## Exercise data
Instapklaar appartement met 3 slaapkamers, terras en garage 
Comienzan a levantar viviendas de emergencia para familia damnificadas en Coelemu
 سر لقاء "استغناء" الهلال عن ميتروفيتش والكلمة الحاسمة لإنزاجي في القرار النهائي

==

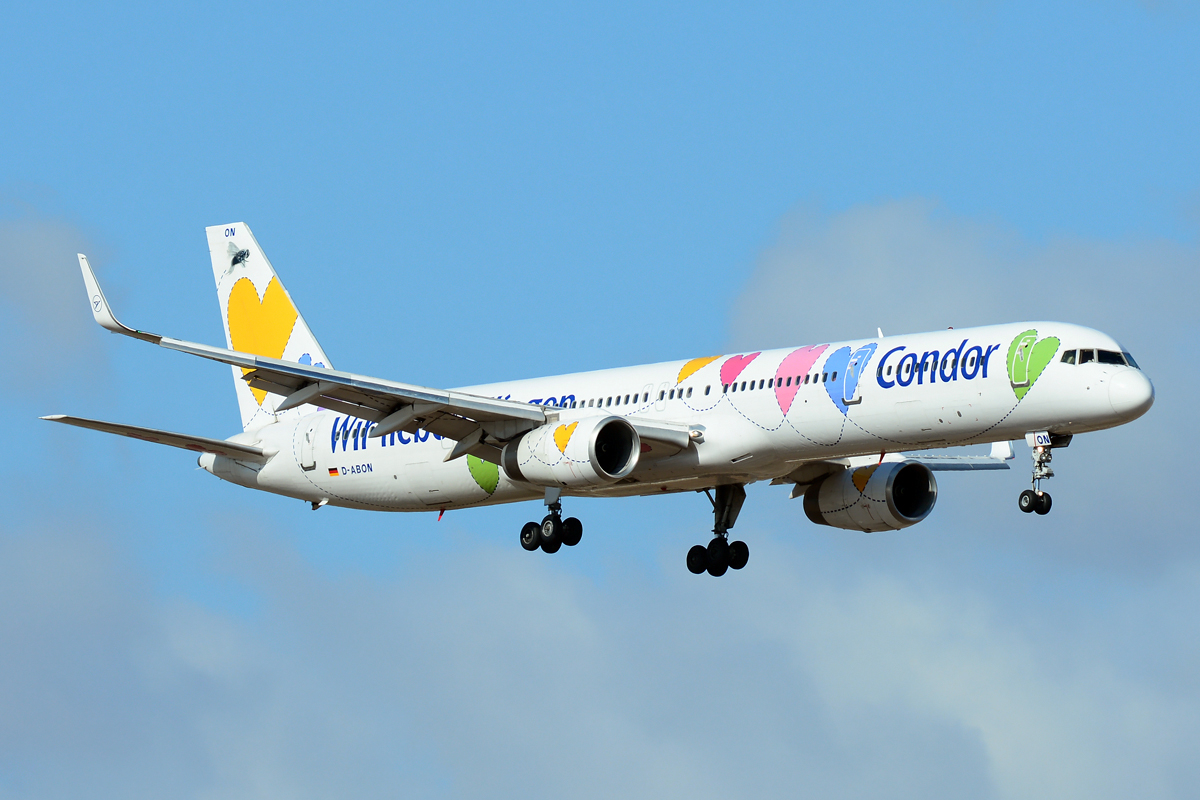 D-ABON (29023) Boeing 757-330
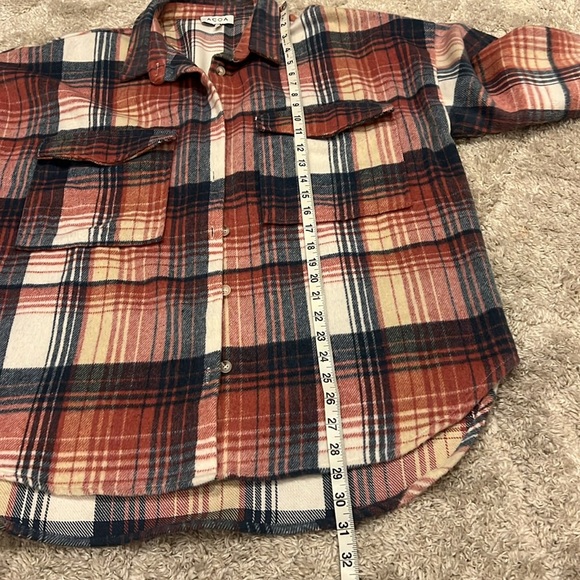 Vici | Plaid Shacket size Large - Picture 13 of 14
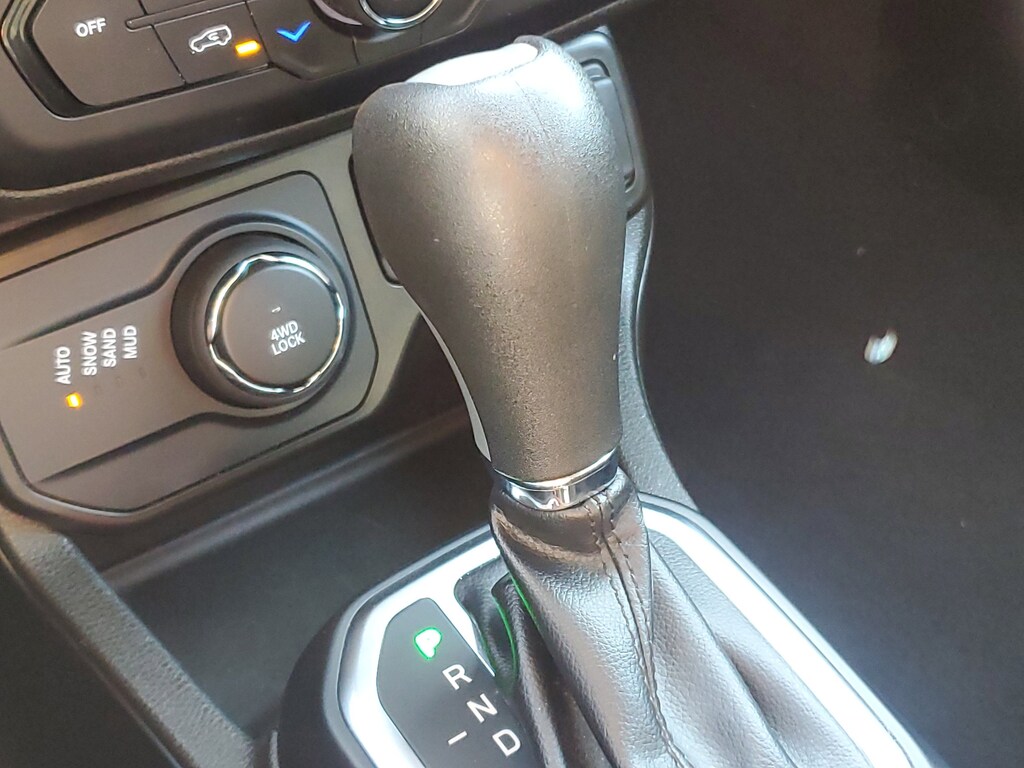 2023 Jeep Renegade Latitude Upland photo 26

## Brief
Transcribe, exactly and without additions, the lines of the records above, beginning with the line that contains "Comienzan a levantar" and ending with the line that contains "في القرار النهائي", both included.

## Exercise answer
Comienzan a levantar viviendas de emergencia para familia damnificadas en Coelemu
 سر لقاء "استغناء" الهلال عن ميتروفيتش والكلمة الحاسمة لإنزاجي في القرار النهائي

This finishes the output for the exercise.